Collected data
= Beginning of Section =

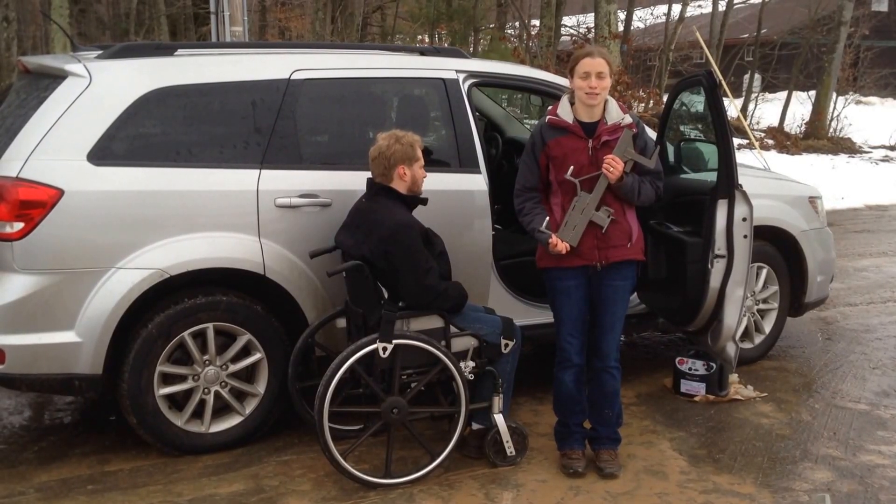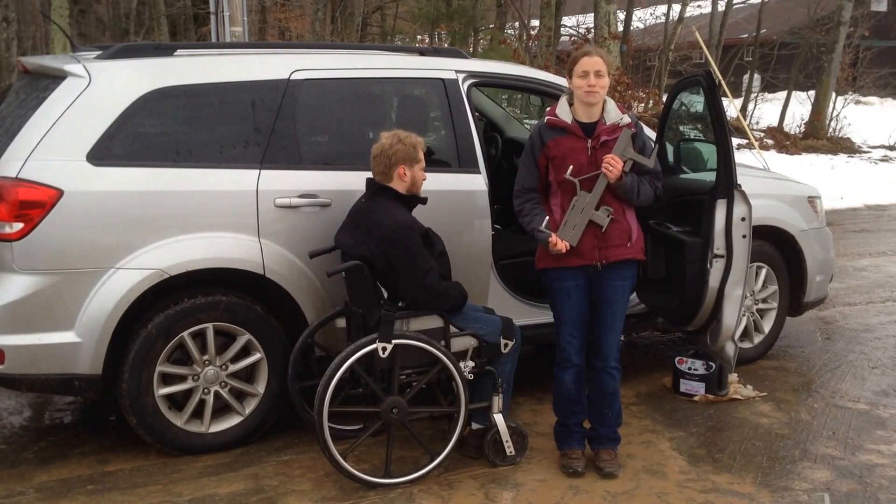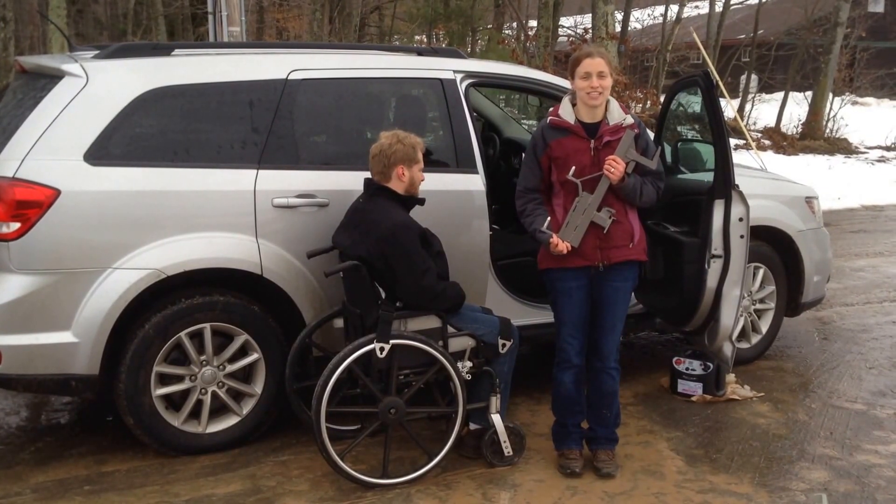Thank you for joining us. Today at Access Unlimited, we're looking at the use of a speedy bar and multi-lift in a 2013 Dodge Journey.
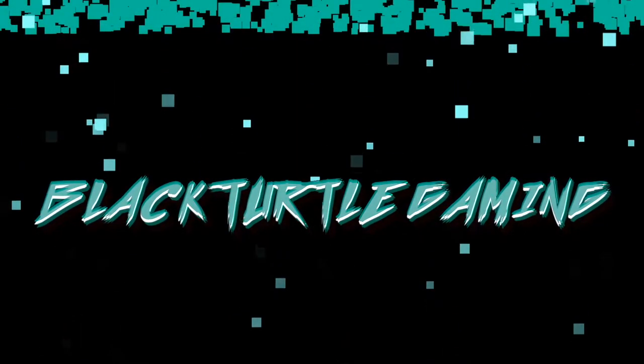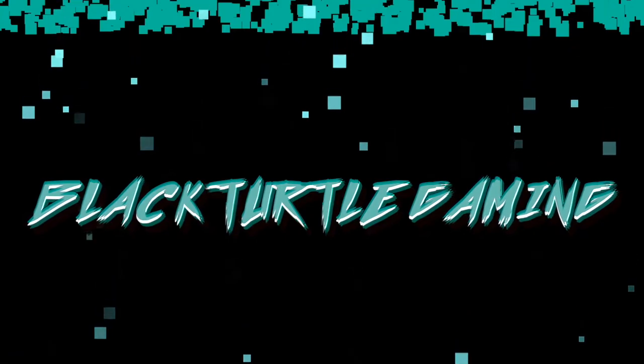Yeah, I'm wearing the same shirt as the last video, but I don't care. Actually, I don't know if this will be the next video. All right guys, what is up, welcome to Black Turtle Gaming!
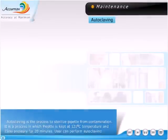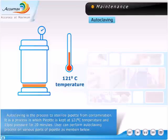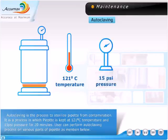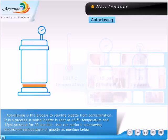Autoclaving is the process to sterilize pipettes from contamination. It is a process in which the pipette is kept at 121 degrees centigrade temperature and 15 pounds per square inch pressure for 20 minutes. Users can perform the autoclaving process on various parts of the pipette as mentioned below.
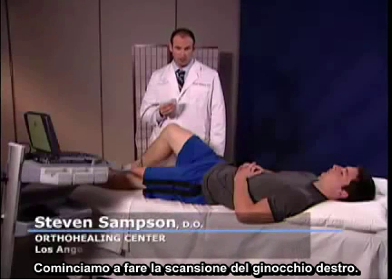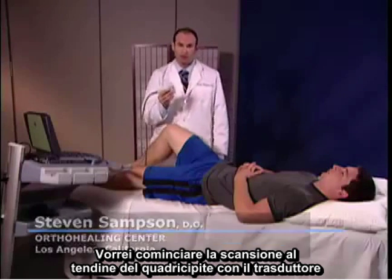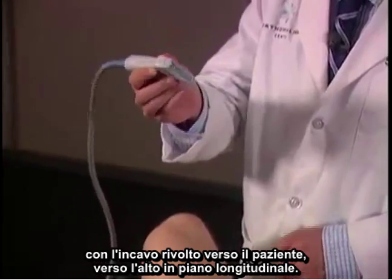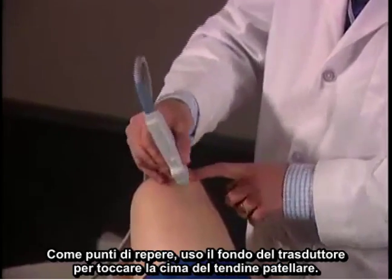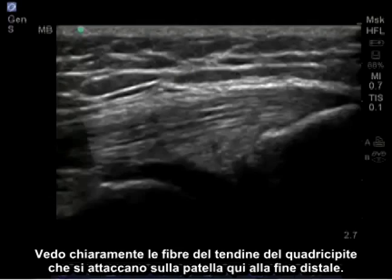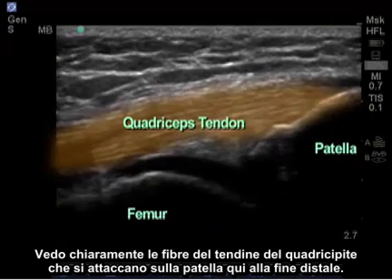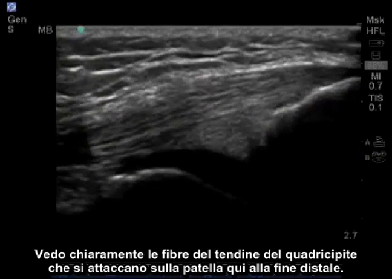We're going to begin scanning the right knee. I like to begin the scan by starting at the quadricep tendon with the transducer with the notch facing towards the patient upwards in a longitudinal plane. As my landmarks, the bottom of the transducer is touching the top of the patella. I can clearly see the fibers of the quadricep tendon attaching on the patella here at the distal end.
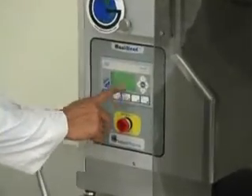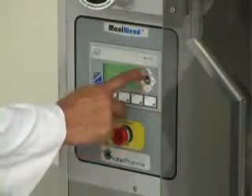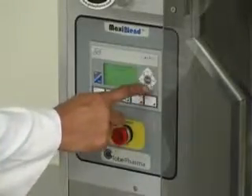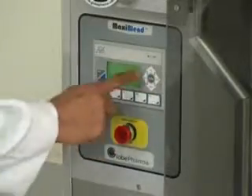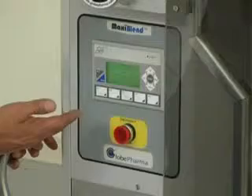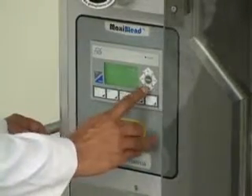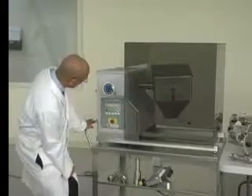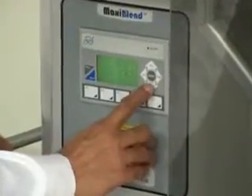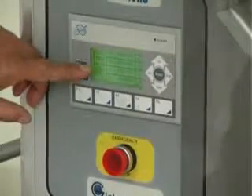This is the PLC control display. Here you have up, down, left, right scrolling. This is the opening screen which says Globeformer MaxiBlend MB1 — press up or down to scroll. We press down and that shows different options, then press down again and it shows shell time and bar time.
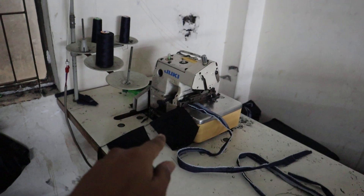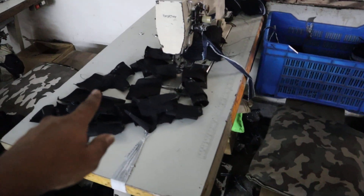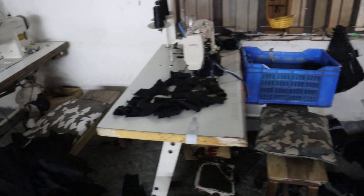This is a double flight, three flight pocket. This is a double flight pocket. This is a point pocket. This is a 3-3 machine.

= End of Section =

PROBLEM TO WORK ON
Repeat each line of the records exactly. Do not include the pictures.

ANSWER
Thank you for joining us. Today at Access Unlimited, we're looking at the use of a speedy bar and multi-lift in a 2013 Dodge Journey.
Yeah, I'm wearing the same shirt as the last video, but I don't care. Actually, I don't know if this will be the next video. All right guys, what is up, welcome to Black Turtle Gaming!
Autoclaving is the process to sterilize pipettes from contamination. It is a process in which the pipette is kept at 121 degrees centigrade temperature and 15 pounds per square inch pressure for 20 minutes. Users can perform the autoclaving process on various parts of the pipette as mentioned below.
We're going to begin scanning the right knee. I like to begin the scan by starting at the quadricep tendon with the transducer with the notch facing towards the patient upwards in a longitudinal plane. As my landmarks, the bottom of the transducer is touching the top of the patella. I can clearly see the fibers of the quadricep tendon attaching on the patella here at the distal end.
This is the PLC control display. Here you have up, down, left, right scrolling. This is the opening screen which says Globeformer MaxiBlend MB1 — press up or down to scroll. We press down and that shows different options, then press down again and it shows shell time and bar time.
This is a double flight, three flight pocket. This is a double flight pocket. This is a point pocket. This is a 3-3 machine.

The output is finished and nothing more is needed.